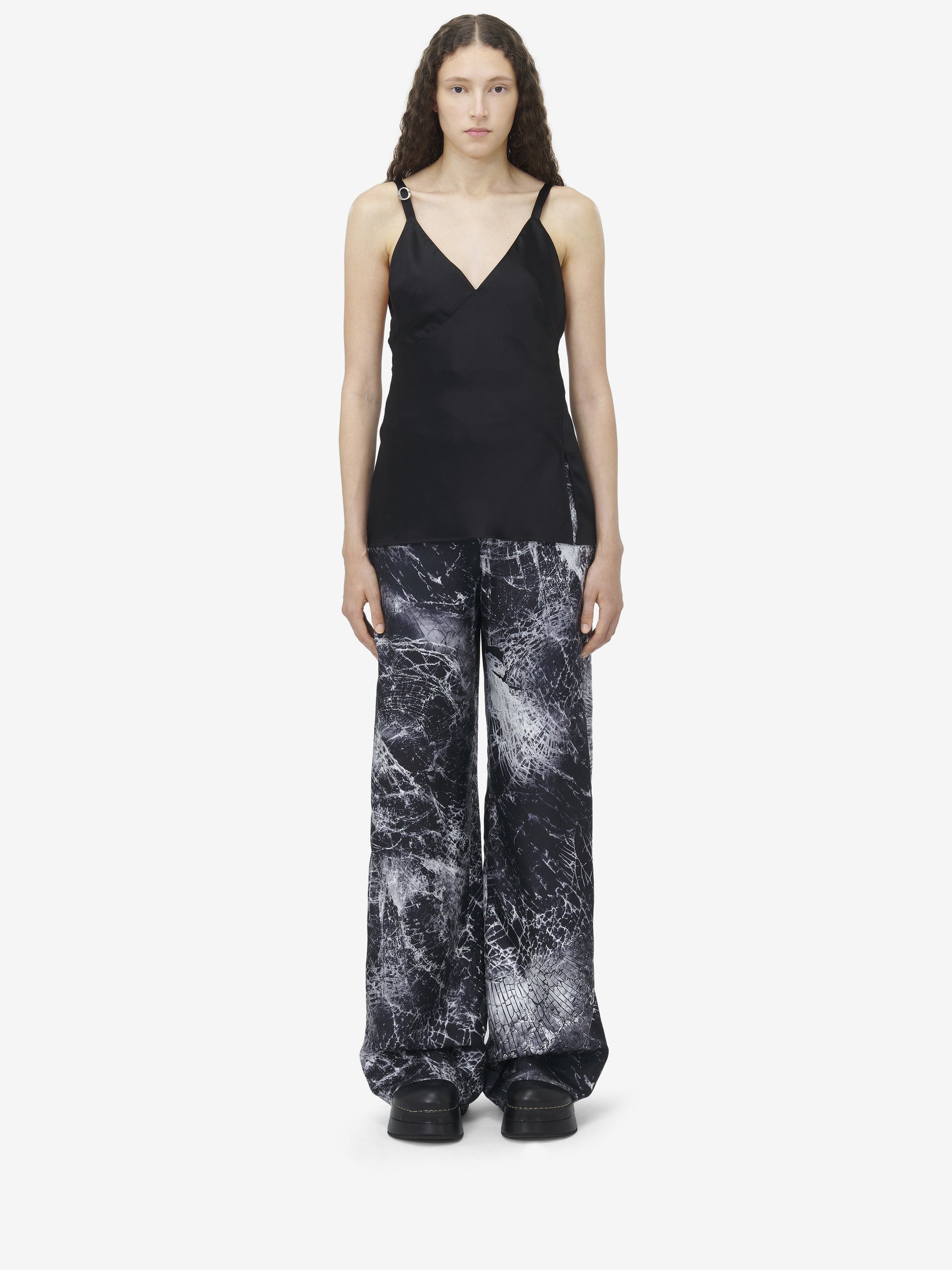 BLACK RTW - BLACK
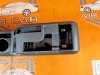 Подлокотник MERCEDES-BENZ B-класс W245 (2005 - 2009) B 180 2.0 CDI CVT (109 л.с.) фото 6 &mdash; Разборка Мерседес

···

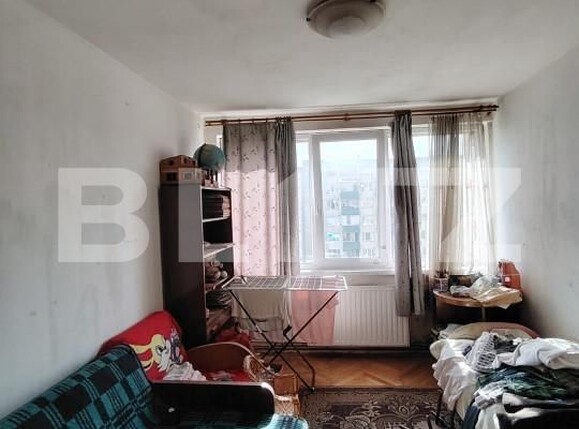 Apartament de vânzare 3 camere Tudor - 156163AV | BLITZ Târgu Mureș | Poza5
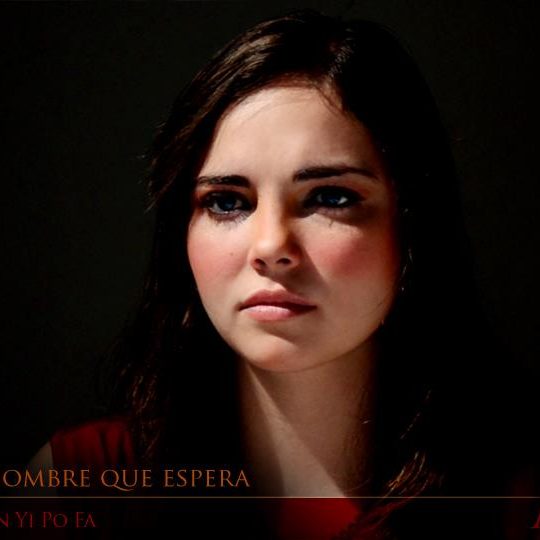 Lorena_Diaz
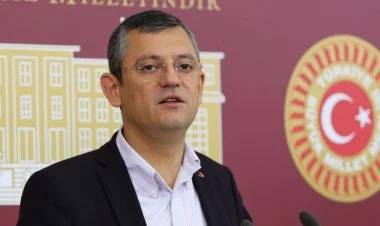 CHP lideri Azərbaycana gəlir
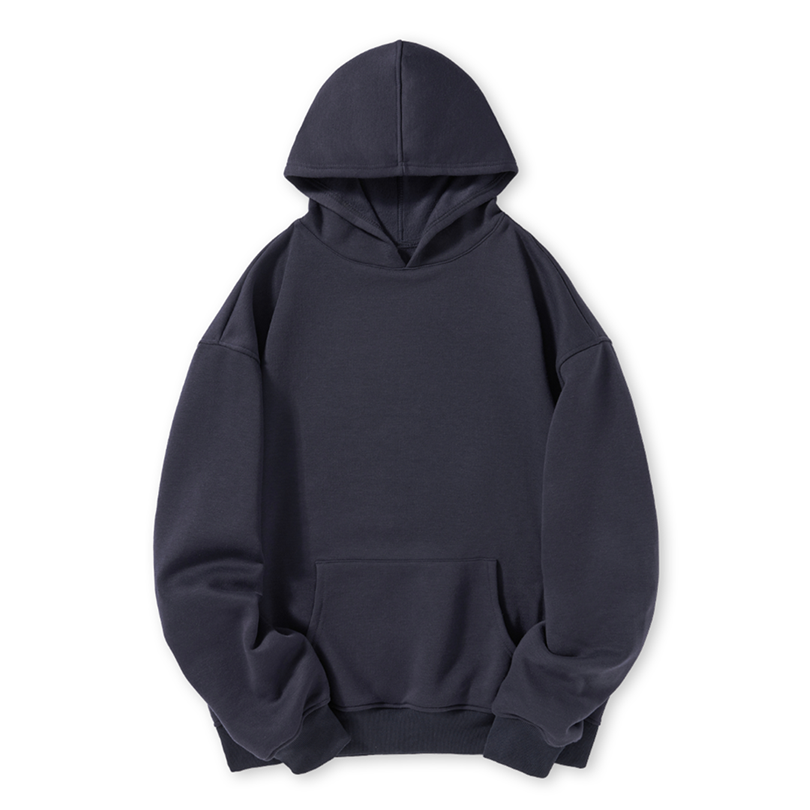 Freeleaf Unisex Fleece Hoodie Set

···

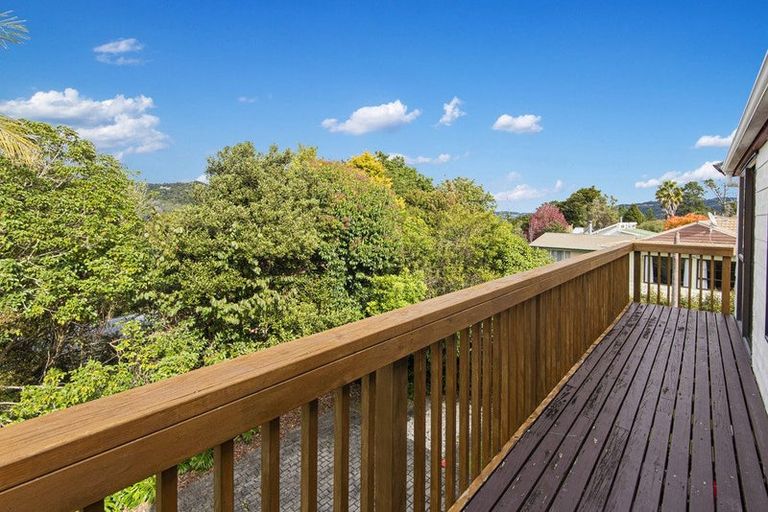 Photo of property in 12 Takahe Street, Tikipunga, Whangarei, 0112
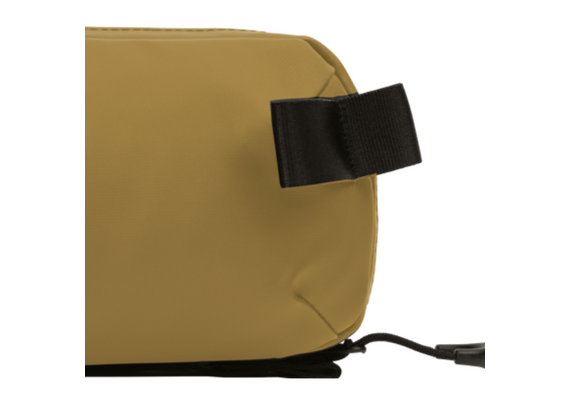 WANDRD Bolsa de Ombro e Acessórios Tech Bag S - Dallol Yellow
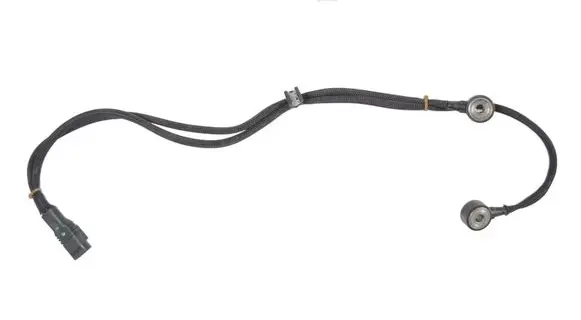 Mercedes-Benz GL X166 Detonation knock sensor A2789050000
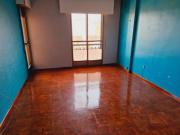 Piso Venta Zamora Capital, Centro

···

Directions:
Beginning at the line above that contains "Lorena_Diaz" and going on through the line that contains "Freeleaf Unisex Fleece Hoodie Set", please copy every line exactly, leaving the pictures out and adding nothing.

Written solution:
 Lorena_Diaz
 CHP lideri Azərbaycana gəlir
 Freeleaf Unisex Fleece Hoodie Set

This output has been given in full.